I changed the spark plug and checked to make sure it's getting current. I put in fresh gas. Has fresh oil. I removed the float bowl and cleaned the main jet. The throttle springs are OK. All I get is a few pops when I pull the starter cord. The only thing I noticed that's different than other winters is that I left the switch in the on position. I don't see why that would matter.
Has B&S 120102 Type 3256 7.0 engine. No self start so no battery.
Is there anything else I can check before taking it in for service?
Thanks.
#2
sgkent
put a little fresh gas on the air filter or in the carb throat and see if it starts. On some models you can remove the air filter to expose the carb, pump the primer bulb and see if gasoline squirts. I usually put a small squirt of gasoline in the carb throat and see it that makes it better or worse.

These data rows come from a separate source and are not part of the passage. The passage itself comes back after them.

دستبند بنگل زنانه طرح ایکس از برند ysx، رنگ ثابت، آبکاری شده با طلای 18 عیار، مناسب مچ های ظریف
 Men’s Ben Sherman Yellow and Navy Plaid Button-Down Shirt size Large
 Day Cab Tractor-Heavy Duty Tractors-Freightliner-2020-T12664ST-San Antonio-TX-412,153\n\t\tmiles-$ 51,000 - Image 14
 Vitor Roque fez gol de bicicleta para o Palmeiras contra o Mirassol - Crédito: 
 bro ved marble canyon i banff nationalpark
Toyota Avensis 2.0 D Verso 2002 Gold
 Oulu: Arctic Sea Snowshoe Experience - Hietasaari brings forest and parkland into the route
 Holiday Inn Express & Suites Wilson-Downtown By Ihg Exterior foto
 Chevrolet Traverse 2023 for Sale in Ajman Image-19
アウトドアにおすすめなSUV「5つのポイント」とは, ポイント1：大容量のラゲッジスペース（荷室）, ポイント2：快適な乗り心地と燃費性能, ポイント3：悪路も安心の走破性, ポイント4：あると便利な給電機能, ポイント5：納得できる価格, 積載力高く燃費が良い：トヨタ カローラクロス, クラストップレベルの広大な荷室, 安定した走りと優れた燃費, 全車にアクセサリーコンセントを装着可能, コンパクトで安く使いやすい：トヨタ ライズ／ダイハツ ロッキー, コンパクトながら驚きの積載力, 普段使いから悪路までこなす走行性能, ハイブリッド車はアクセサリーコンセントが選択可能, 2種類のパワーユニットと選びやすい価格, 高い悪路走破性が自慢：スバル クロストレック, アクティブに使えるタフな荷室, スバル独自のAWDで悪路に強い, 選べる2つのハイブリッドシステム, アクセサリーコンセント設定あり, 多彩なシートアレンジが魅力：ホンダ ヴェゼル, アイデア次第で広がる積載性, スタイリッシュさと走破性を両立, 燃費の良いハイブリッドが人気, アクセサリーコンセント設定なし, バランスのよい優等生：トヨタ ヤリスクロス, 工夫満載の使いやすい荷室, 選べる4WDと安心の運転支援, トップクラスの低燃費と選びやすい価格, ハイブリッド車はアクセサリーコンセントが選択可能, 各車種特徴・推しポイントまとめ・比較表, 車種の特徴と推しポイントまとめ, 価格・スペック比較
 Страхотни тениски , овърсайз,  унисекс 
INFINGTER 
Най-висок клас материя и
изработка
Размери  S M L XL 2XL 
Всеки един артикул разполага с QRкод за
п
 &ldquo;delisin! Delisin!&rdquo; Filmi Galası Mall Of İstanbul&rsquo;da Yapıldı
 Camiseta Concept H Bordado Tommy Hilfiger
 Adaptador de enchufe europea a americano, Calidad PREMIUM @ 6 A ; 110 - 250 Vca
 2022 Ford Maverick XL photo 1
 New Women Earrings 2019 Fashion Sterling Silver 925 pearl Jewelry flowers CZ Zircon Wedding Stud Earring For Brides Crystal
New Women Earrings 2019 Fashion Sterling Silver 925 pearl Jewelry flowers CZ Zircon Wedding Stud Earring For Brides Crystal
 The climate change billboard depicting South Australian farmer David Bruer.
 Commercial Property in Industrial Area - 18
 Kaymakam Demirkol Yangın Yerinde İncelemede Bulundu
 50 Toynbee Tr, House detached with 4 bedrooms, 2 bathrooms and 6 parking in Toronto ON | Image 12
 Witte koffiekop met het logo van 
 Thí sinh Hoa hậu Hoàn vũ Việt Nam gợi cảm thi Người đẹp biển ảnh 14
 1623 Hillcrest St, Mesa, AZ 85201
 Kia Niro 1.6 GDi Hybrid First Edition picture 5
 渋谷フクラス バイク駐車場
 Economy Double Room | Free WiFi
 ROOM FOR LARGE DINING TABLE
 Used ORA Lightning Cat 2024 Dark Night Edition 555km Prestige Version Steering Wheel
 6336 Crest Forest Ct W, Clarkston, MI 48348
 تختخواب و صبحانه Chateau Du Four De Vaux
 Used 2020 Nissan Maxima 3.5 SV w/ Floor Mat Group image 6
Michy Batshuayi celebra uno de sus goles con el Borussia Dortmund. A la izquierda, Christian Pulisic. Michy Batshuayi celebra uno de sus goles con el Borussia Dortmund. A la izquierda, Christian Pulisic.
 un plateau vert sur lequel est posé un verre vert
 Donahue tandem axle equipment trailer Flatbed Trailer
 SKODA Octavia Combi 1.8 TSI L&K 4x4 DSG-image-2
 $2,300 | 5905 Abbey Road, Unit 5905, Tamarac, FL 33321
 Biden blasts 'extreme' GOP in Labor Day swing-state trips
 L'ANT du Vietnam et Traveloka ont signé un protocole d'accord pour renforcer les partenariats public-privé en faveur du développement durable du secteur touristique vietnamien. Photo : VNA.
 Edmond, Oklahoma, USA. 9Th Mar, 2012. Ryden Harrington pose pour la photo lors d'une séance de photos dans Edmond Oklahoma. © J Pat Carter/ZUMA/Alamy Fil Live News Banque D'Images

Looks like not many people come by this forum anymore. Yours is really as simple question. Hope that helps. Also, I have found with my engines that the very best way to start them is to pull the engine thru one time before trying to start it. That helps clean out the cylinder if it is a bit flooded. Then I prime it. Next - I pull the rope out not too fast until I feel it get firm. It is like the engine wants to lock up. Then I pull hard and it starts right up. If it goes all the way out almost before that spot, I let the rope back in and pull firm. Before that I might pull six or eight times before it started. Now once it gets firm I know that the mixture is ready to fire the next full cycle. Starts 1st or 2nd pull each time.
Thanks. My engine has no primer bulb. But I plan to remove the carb and clean the whole thing. Saw a video of it being done on Youtube with my engine. Not too hard.
Please double check your engine model number, as 120102 does not show up. Or you can post the serial number for the mower and I can cross reference the engine, as there were any few different engines used depending on the year of manufacture.
With that carb I’m guessing that either the float level has dropped due to a swollen float seat or the idle circuit is clogged. I would be pulling the carb and check the float level and if it is level I would soak the carb for 24 hours or have it ultrasonicly cleaned
I cleaned the carb by spraying brake cleaner through all the jets and the body. It started running for a second or two after several pulls. Then on the third or fourth try it ran for a minute or so but very rough, then died. Now it won't start. This time the float bowl gasket came off when I reassembled it. I noticed that it had sealant originally holding it in place. Since I have no sealant, I just put it back on the bowl (its a bit oversized) and put the bowl back on. The bowl did appear to seal well. So I don't know if this may be a factor.
I’m not a fan of using brake cleaner on carbs, I only use carb cleaner. Did you check the float level? Turning the carb upside down the float should be level with the carb body or slightly lower on the side opposite the float pin. If the float is level I would be soaking the carb.
#11
sgkent
what Rivets said. It sounds like your mower is not getting the correct mixture of fuel and air. Normally I use the spray can of Berryman's B12 on carbs. Soaking them in formal-eat-your-hands carb cleaner can dissolve the metal if it is left too long. If there are any rubber O-rings left in the carb it can damage them. Some of the carbs take special tools to remove and replace small O-rings in the carbs. Your "sealer" may be dried varnish in the fuel. Also, some carbs have a float bowl that has to clock the same way it came off.
remove front cover and the air filter and try spraying carb cleaner or brake cleaner in the carb and see is it will start. if there is a chock plate make sure it is closing and if you have a primer bulb push it 5 or 6 time while look in to carb to see if its pumping gas in to carb.
Intake manifold leaking causing vacuum leaks. This has the manifold that crosses over the block to feed the other side of the engine air and fuel. I would install a new one and GENTLY torque the 2 screws down to factory specs. Use your left hand if you are right handed to drop the torque.
Briggs part number is 796703. Cost is 15 bucks.
If you remove you intake pipe, look down into the engine block behind the valves. I had one that plastic air horn piece broke off and eventually got into the cylinder. She is a 5 pack a day smoker now. Bore all gouged up. Similar Toro as this one.
I fixed it. I bought an electric mower. No gas to buy, store and fill; no air filter to replace; no spark plug to change; no oil to drain and fill. Just sharpen the blade every year. And it's much lighter than the gas mower, making it much easier to push without the need for self-propelled. And stores vertically, freeing up space in my garage. I was waiting for the Toro to fail so I could buy one.
Thanks for all the advice.
I have been using Berryman B12 for years now, spring startup is almost perfect for all my stuff. ATV, lawn mowers, weed wacker, ect. everything. A little in the gas cleans well. Good luck.